Nach 5 Jahren in der praktischen Instandhaltung nur noch Federzugklemmen ...
Jetzt in der Konstruktion auch sehr gerne, jedenfalls bis 35mm². Die Produktion ist damit auch einverstanden (10 Mann). Derzeit setzen wir als Standard Weidmüller ein, aber auf Kundenwunsch auch andere.


----------



## Blockmove (18 November 2009)

HSThomas schrieb:


> Wir nutzen immer die "Quickcon" Schneidklemmen von Phoenix. Hat sich als sehr zeitsparend herausgestellt.
> 
> Das ist zwar etwas umständlich, wenn man etwas umverdrahten muss, aber da wir fast immer baugleiche Geräte herstellen, wird recht selten umverdrahtet.


 
Also mit Quickcon haben wir durchwachsene Erfahrungen gemacht. Bei dünnen Querschnitten (Geberleitungen) gab es öfter Probleme.
Wir verwenden fast nur noch Käfigzugfeder. Bei kleinen Querschnitten eben mit Adernendhülse.
Bei >16qmm wird aber geschraubt.

Gruß
  Dieter


----------



## HSThomas (18 November 2009)

Blockmove schrieb:


> Also mit Quickcon haben wir durchwachsene Erfahrungen gemacht. Bei dünnen Querschnitten (Geberleitungen) gab es öfter Probleme.
> Wir verwenden fast nur noch Käfigzugfeder. Bei kleinen Querschnitten eben mit Adernendhülse.
> Bei >16qmm wird aber geschraubt.
> 
> ...



Da muss ich Dir recht geben. Bei sehr kleinen Querschnitten sind die Dinger wirklich nicht so toll. Aber bei Querschnitten zwischen 0,5mm² und 4mm² sparen sie eine Menge Zeit.


----------



## maxi (19 November 2009)

Habe bei Phoenix oft festellen müssen das diese sich gerne verbiegen.
Das Problem habe ich aber auch schon eb anderen Herstellern genießen dürfen.
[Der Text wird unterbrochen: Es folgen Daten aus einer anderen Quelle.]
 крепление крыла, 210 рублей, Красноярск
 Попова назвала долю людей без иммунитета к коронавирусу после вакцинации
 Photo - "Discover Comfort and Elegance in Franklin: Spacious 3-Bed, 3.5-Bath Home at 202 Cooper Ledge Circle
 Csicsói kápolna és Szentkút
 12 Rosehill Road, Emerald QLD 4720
Finde alle fast gleich gut / schlecht.

Besonders gefallen mir die von Siemens mit den Sicherungssockerl für Feinsicherungen. Gerade wenn viele Große Schütze, Regelventile oder nicht ohmische Verbaucher etc. angesteuert werden sollen.
So eine Sicherung schüzt den Ausgang fabelhaft und man sieht an der LED gleich woran der Fehler liegt 
Aber jeder macht seine eigenen guten udn schlechten Erfahrungen.


----------



## M_K (19 November 2009)

Wir verwenden zu 100% Weidmüller-Federzugklemmen.
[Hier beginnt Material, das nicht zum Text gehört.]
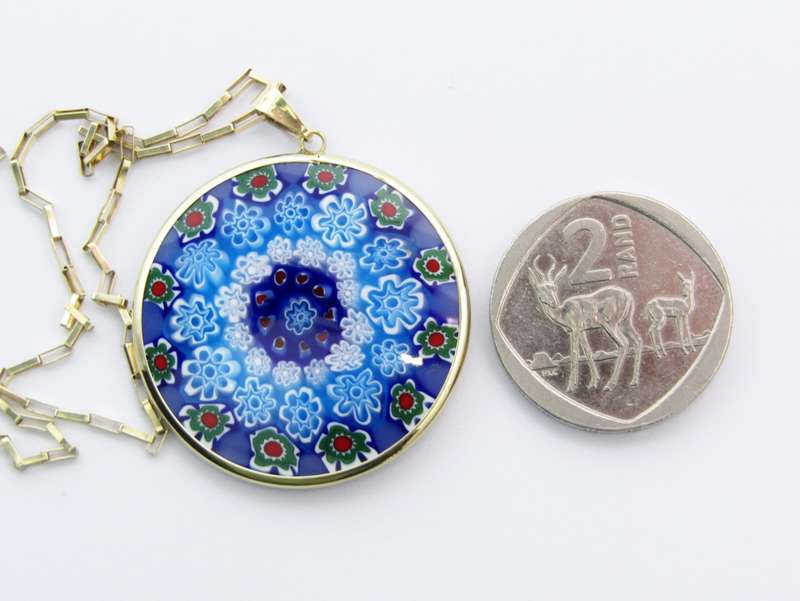 Stunning! Italian 14K Gold Murano Glass Pendant on Chain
Mit Phoenix haben wir zu oft schlechte Erfahrungen gemacht.


----------



## MW (23 November 2009)

RalfS schrieb:


> Benutzt eigentlich noch irgendjemand Schraubklemmen? Wenn ja, ab welchen Querschnitt?
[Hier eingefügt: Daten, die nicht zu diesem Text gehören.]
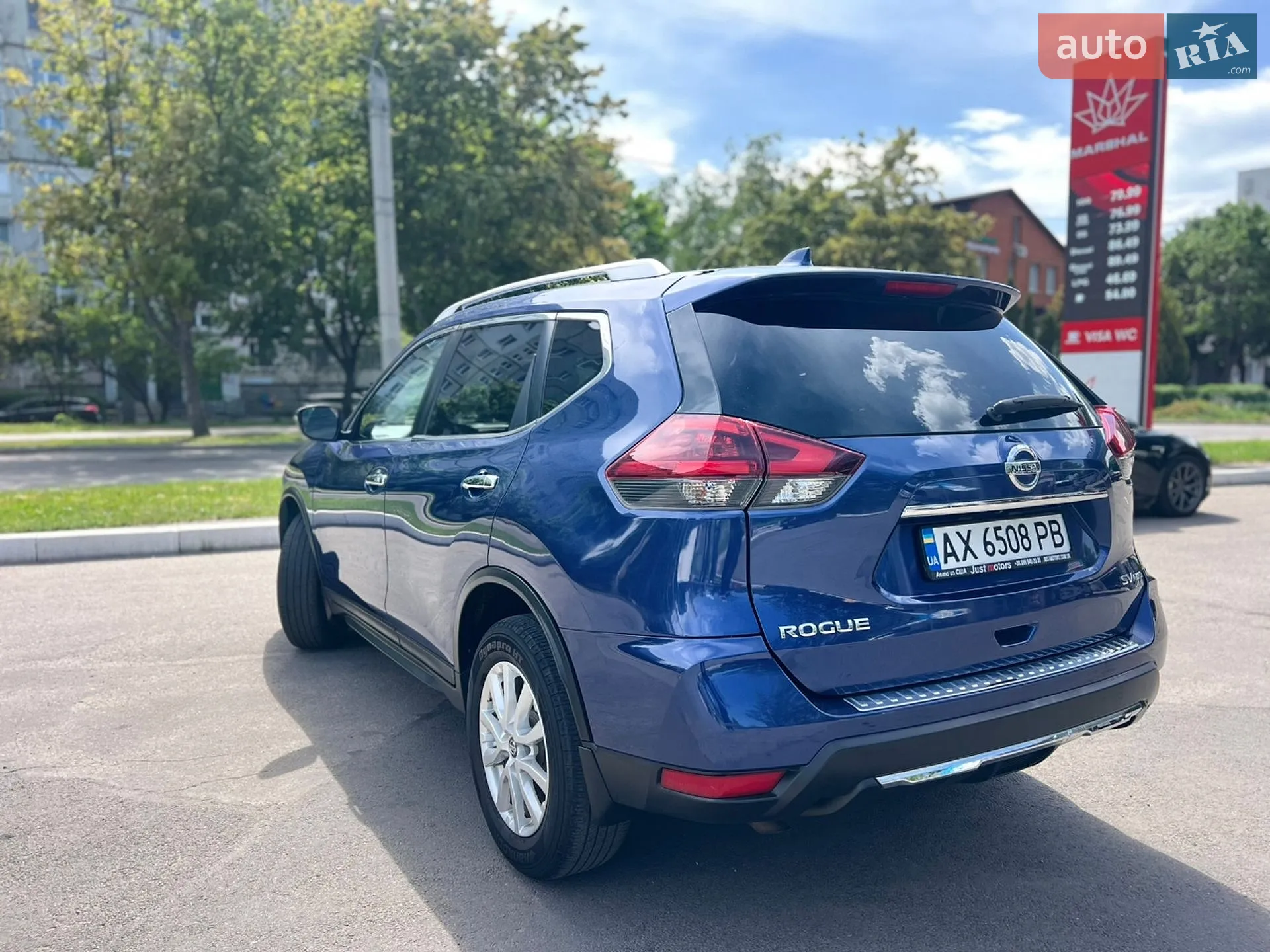 2018 Nissan Rogue - мініатюра 8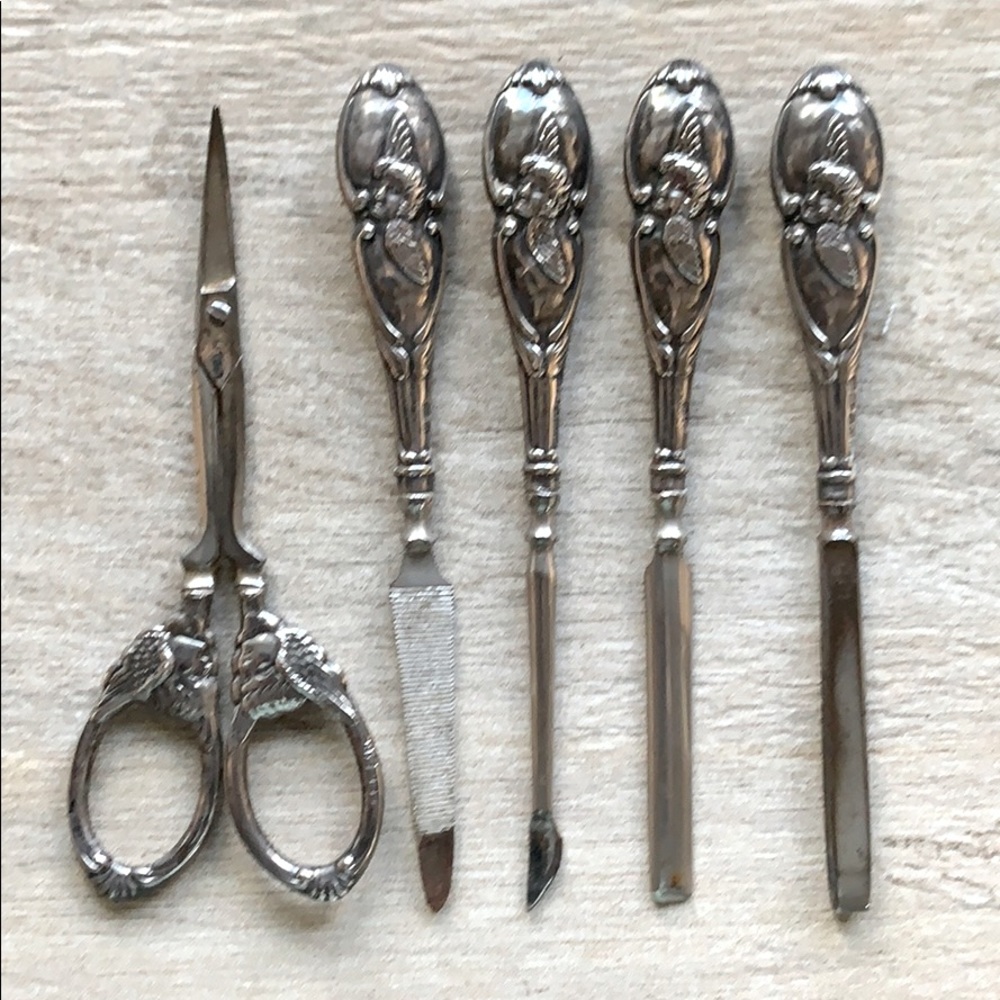 Vintage manicure set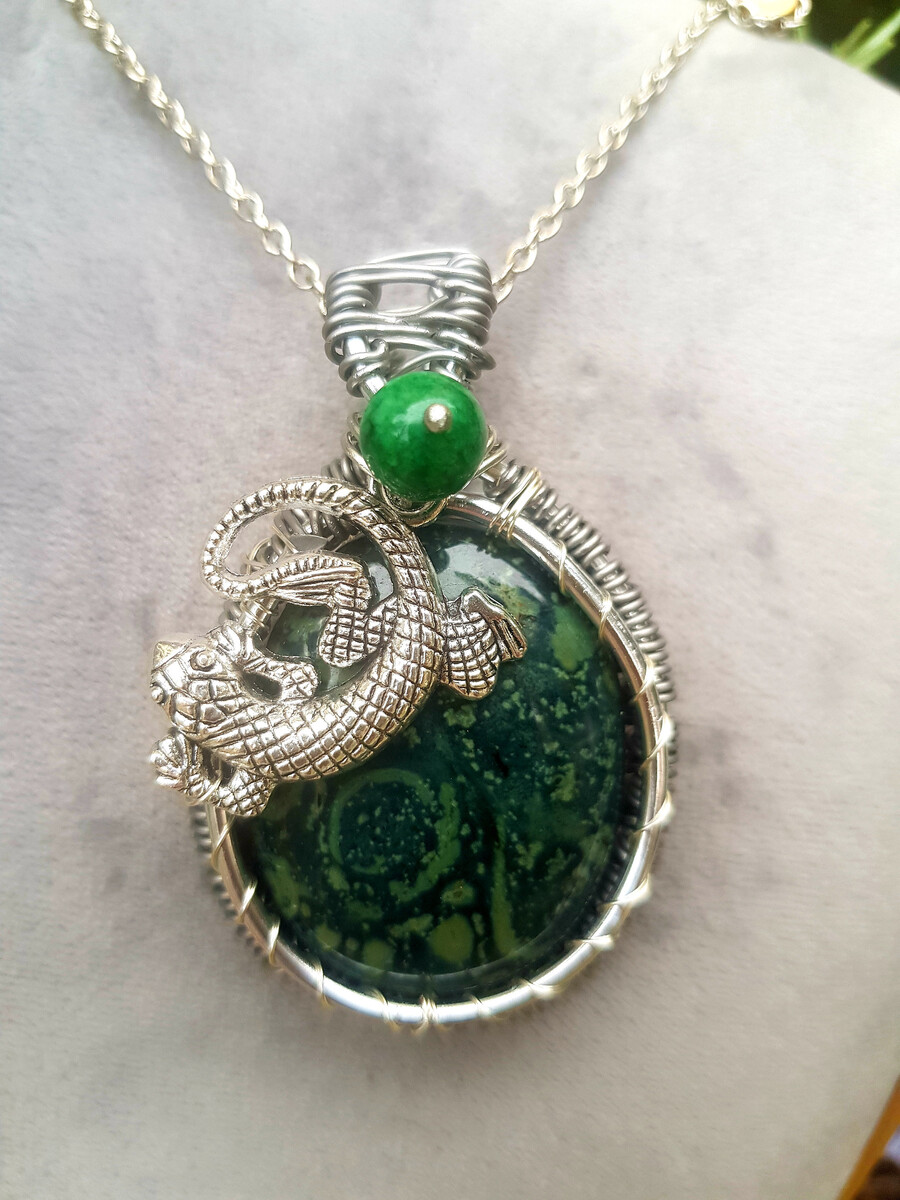 Talisman de la salamandre, salamandre, jaspe vert, jaspe kambaba, bijou jaspe, lithothérapie, bijou unique, bijou salamandre, talisman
ja, wir ! bei allen Querschnitten

Bei Eigenbauten verwenden sogut wie immer Schraubklemmen vom Weidmüller, bei Anlagen von Fremdfirmen gehts eher querbeet mit den Klemmenherstellern, dort dann aber seit einigen Jahren hauptsächlich mit Federzugklemmen.


----------



## freezer (25 November 2009)

verwenden auch nur phönix schraubklemmen
bin nicht wirkklich überzeugt von den Federzugklemmen

mfg freezer


----------



## dockers (26 November 2009)

*Weidmüller Schraubklemmen sind unsere Werksnorm*

Ebenfalls aus o.g. Gründen (Lagehrhaltung) schreibt unsere Werksnorm Weidmüller als *Standard* (Gruß an SPSFUX) vor. Allerdings nur Schraubklemmen, da Steckklemmen in der Vergangenheit Problemem machten. Ich persönlich habe mit Steckklemmen keine Probleme, vor allen Dingen auch deshalb nicht, weil parallel zu dieser Vorschrift auch noch Beckhoff als dezentrale Peripherie erlaubt ist. Und die gibt's nur mit Steckklemmen.


----------



## element. (30 November 2009)

*Lieferant für Mogel-Sensorkabel 4pol Kupplung auf 3pol Stecker ?*

Hups, falscher thread!


----------



## Betriebselektriker28 (9 Dezember 2009)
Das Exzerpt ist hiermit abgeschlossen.